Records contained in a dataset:
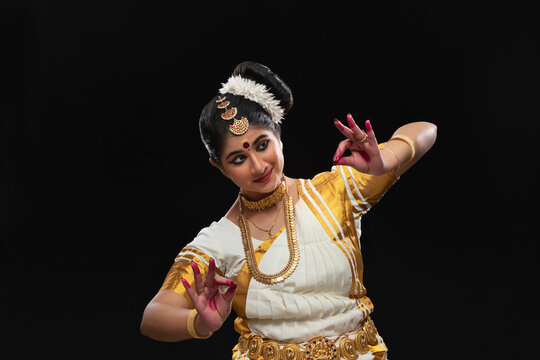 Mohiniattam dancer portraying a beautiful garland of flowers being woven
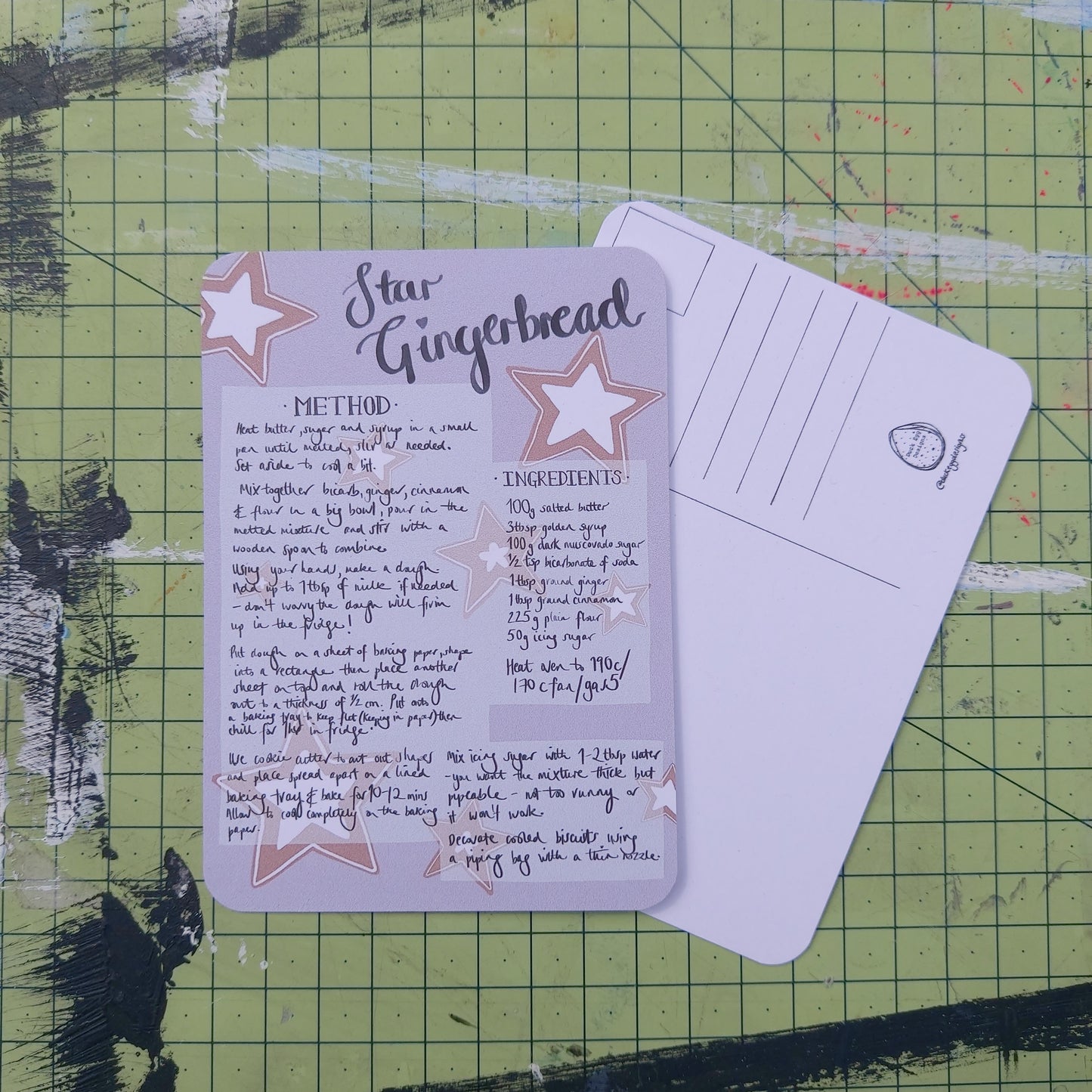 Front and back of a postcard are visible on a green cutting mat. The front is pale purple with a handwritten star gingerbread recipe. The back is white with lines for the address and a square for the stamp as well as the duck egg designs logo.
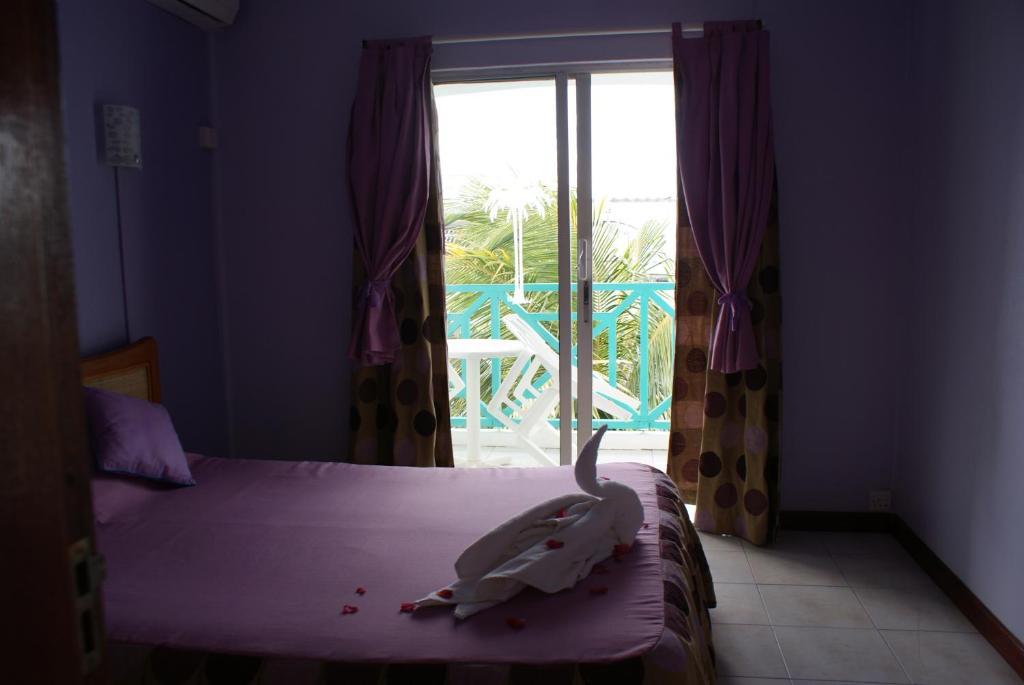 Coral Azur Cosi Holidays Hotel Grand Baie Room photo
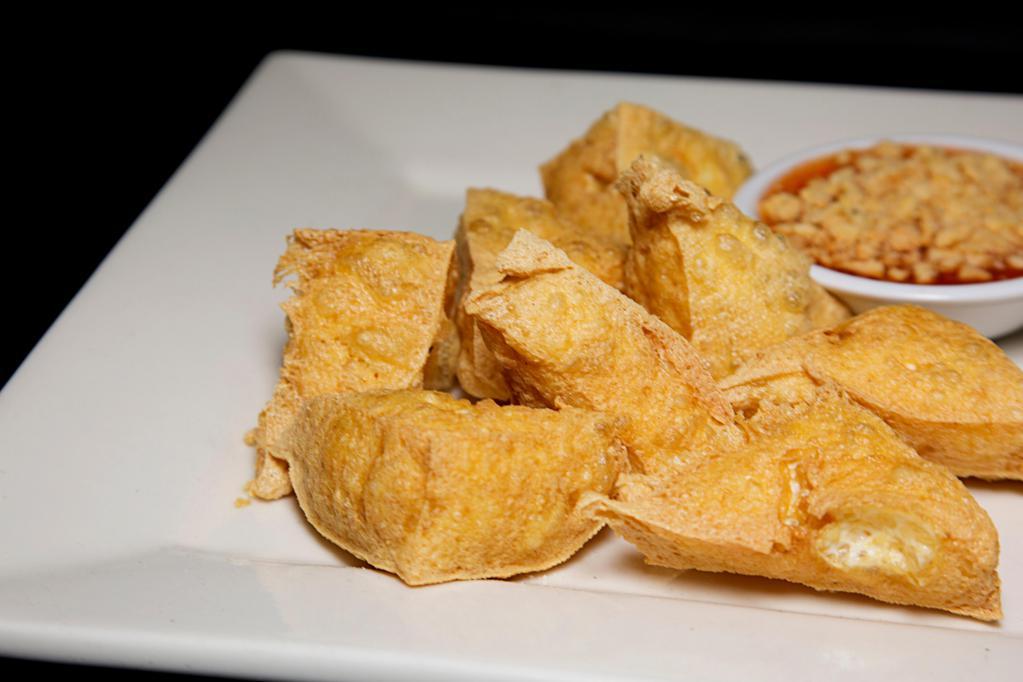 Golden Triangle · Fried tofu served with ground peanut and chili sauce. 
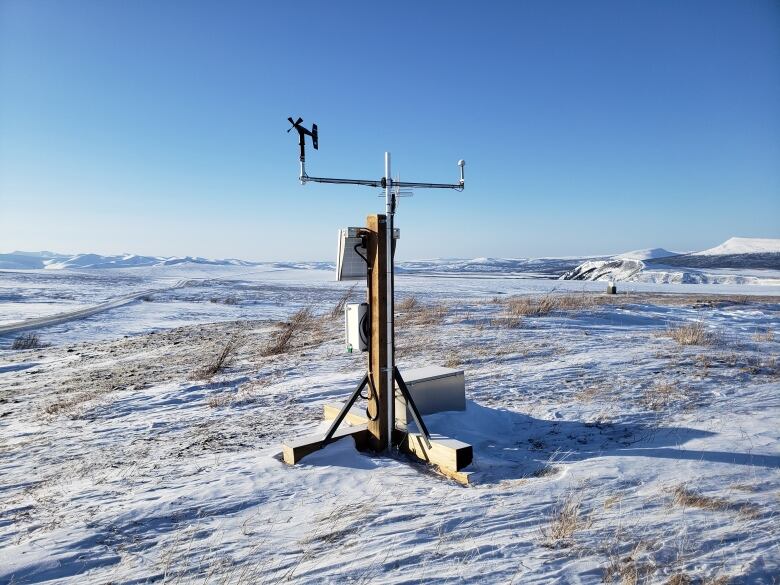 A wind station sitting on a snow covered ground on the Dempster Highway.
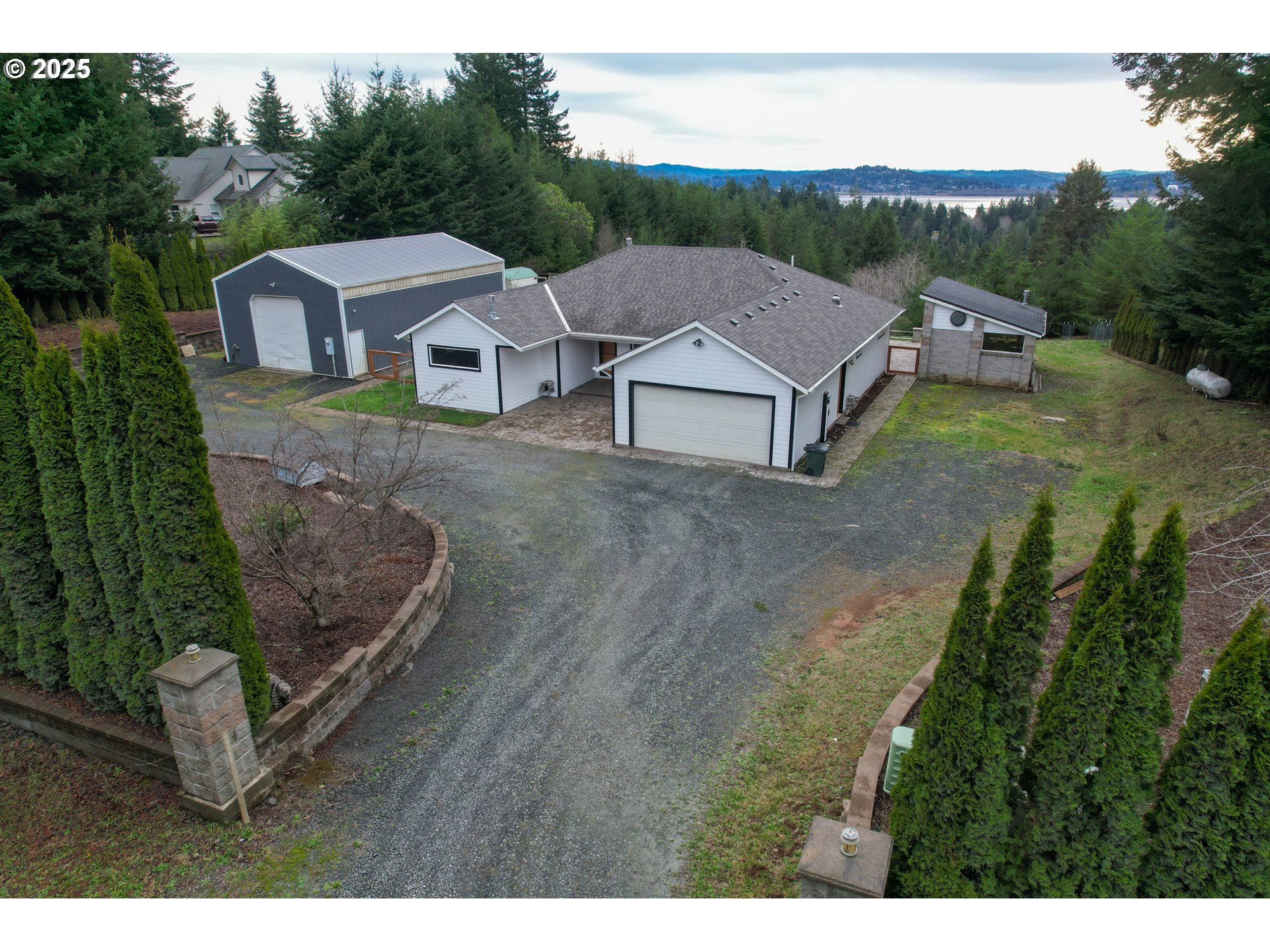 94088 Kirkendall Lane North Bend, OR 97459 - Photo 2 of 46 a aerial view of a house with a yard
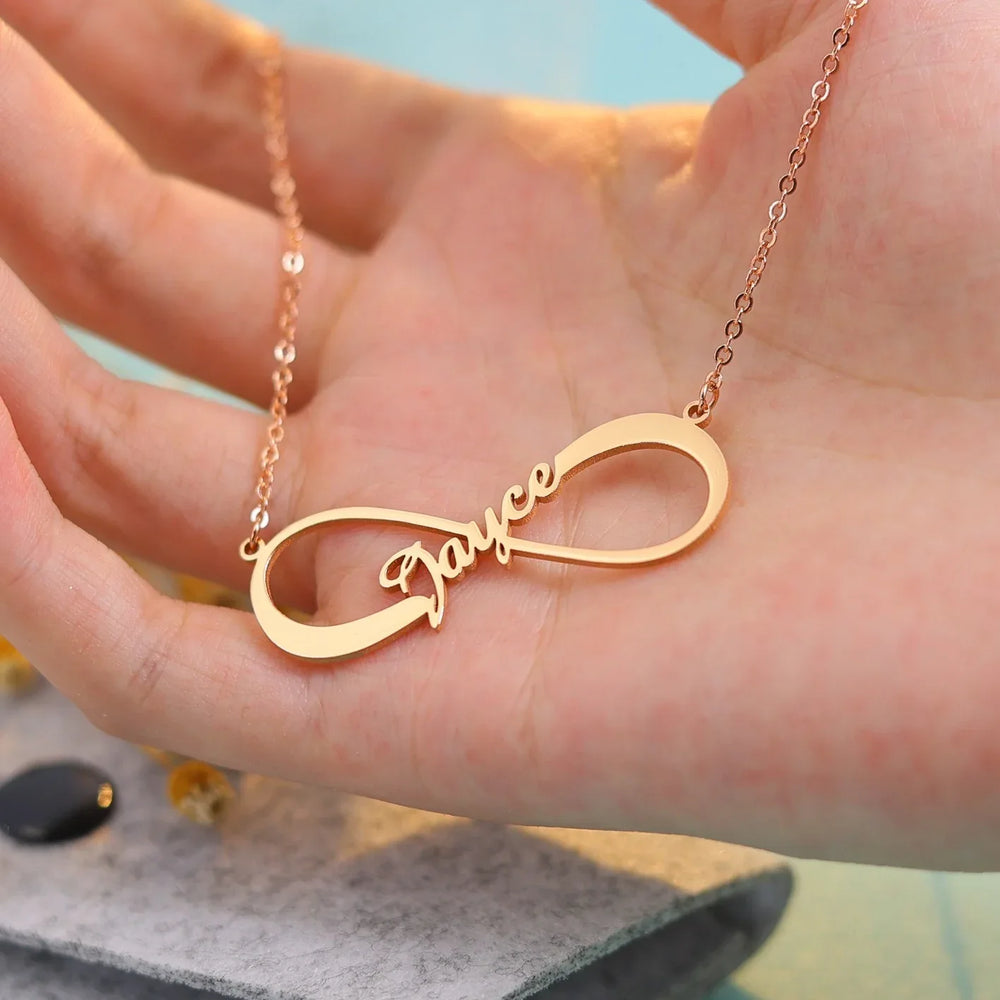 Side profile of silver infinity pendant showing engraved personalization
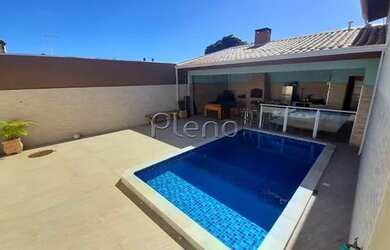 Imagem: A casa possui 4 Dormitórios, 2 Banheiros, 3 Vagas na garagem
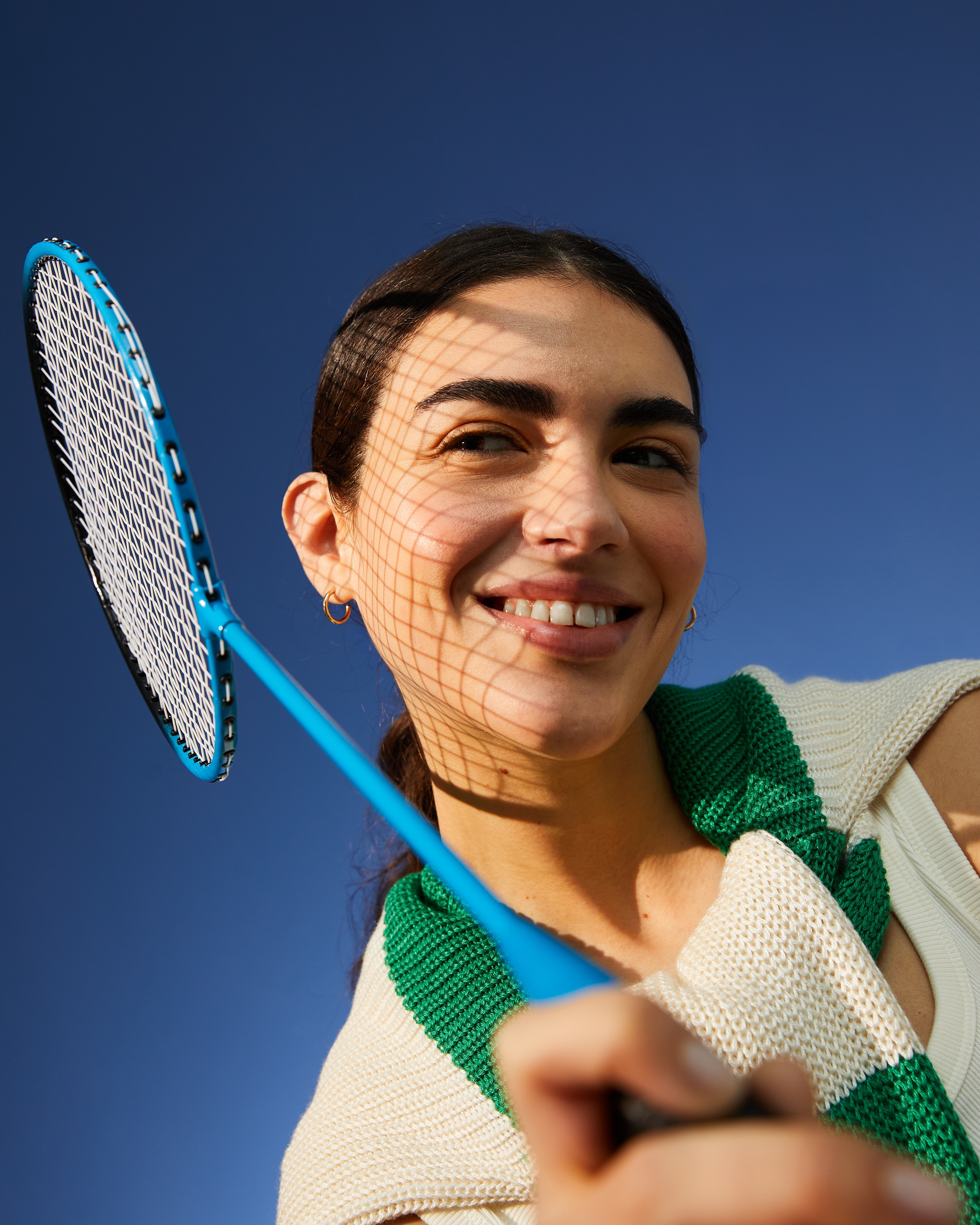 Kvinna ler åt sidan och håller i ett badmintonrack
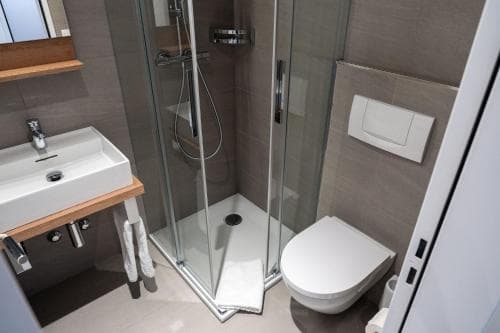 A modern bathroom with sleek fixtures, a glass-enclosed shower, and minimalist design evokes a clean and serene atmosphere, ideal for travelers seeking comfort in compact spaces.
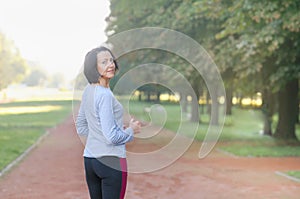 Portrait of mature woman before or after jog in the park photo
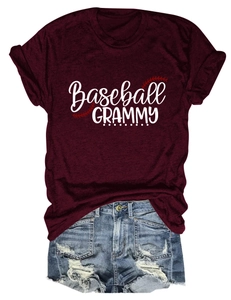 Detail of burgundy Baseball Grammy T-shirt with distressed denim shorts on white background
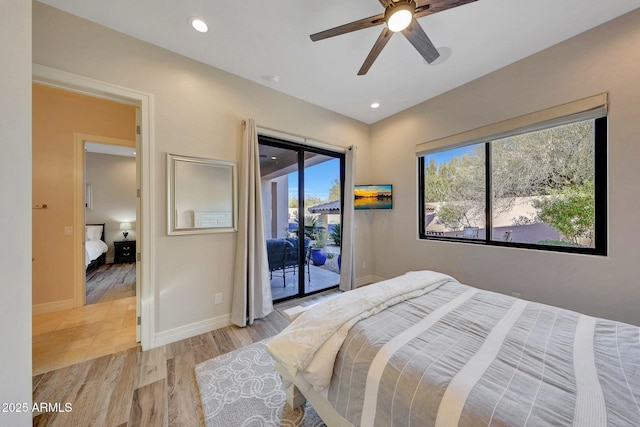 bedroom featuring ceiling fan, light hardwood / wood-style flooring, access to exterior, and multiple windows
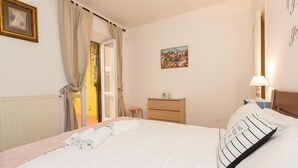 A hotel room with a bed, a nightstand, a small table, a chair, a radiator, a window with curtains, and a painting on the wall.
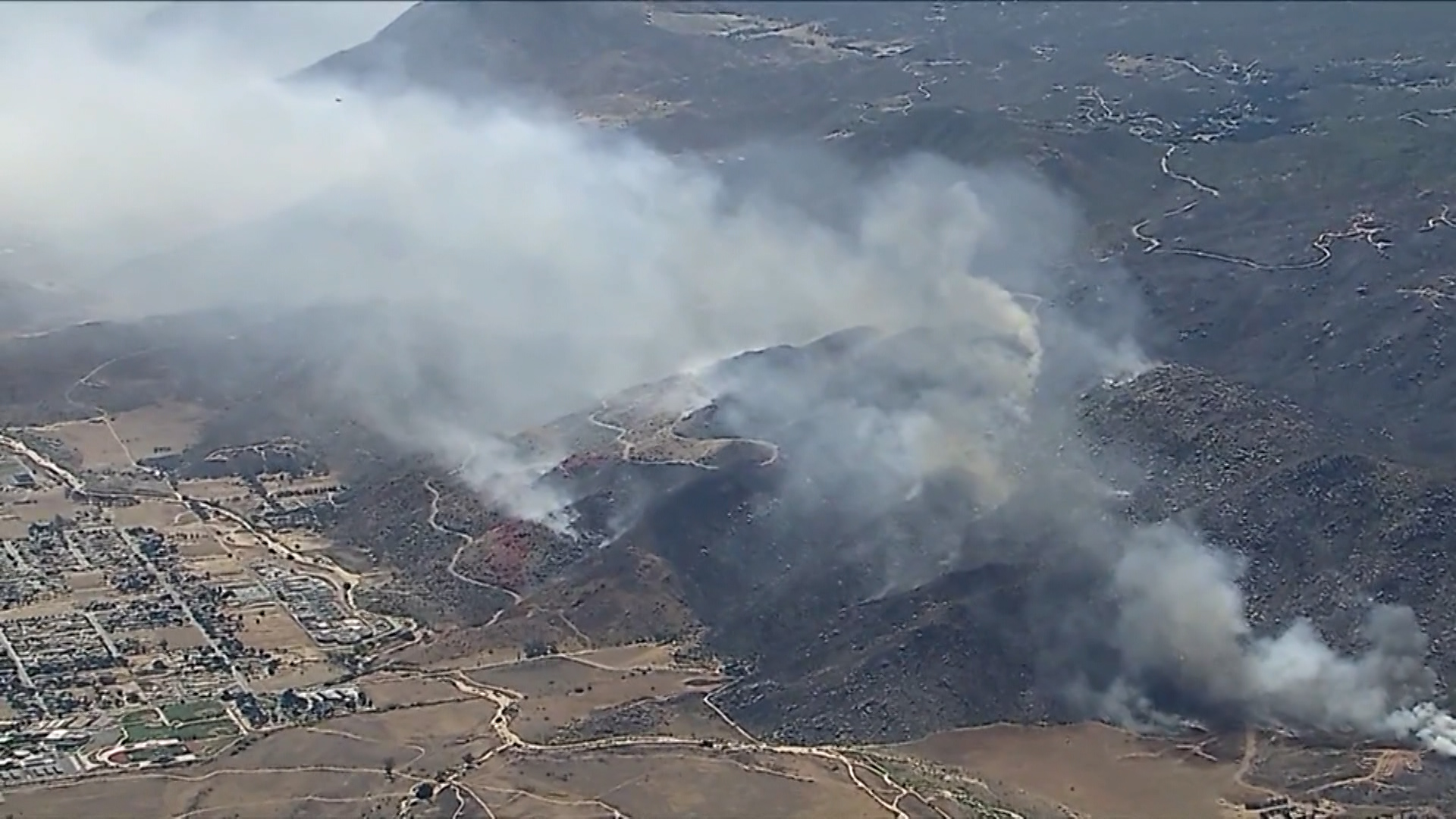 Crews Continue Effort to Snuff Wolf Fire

§ DIRECTIONS FOR THIS TASK: In your copy of the entries above, leave out the pictures and keep every word exact.

§ EXERCISE ANSWER:
 Mohiniattam dancer portraying a beautiful garland of flowers being woven
 Front and back of a postcard are visible on a green cutting mat. The front is pale purple with a handwritten star gingerbread recipe. The back is white with lines for the address and a square for the stamp as well as the duck egg designs logo.
 Coral Azur Cosi Holidays Hotel Grand Baie Room photo
 Golden Triangle · Fried tofu served with ground peanut and chili sauce. 
 A wind station sitting on a snow covered ground on the Dempster Highway.
 94088 Kirkendall Lane North Bend, OR 97459 - Photo 2 of 46 a aerial view of a house with a yard
 Side profile of silver infinity pendant showing engraved personalization
 Imagem: A casa possui 4 Dormitórios, 2 Banheiros, 3 Vagas na garagem
 Kvinna ler åt sidan och håller i ett badmintonrack
 A modern bathroom with sleek fixtures, a glass-enclosed shower, and minimalist design evokes a clean and serene atmosphere, ideal for travelers seeking comfort in compact spaces.
 Portrait of mature woman before or after jog in the park photo
 Detail of burgundy Baseball Grammy T-shirt with distressed denim shorts on white background
 bedroom featuring ceiling fan, light hardwood / wood-style flooring, access to exterior, and multiple windows
 A hotel room with a bed, a nightstand, a small table, a chair, a radiator, a window with curtains, and a painting on the wall.
 Crews Continue Effort to Snuff Wolf Fire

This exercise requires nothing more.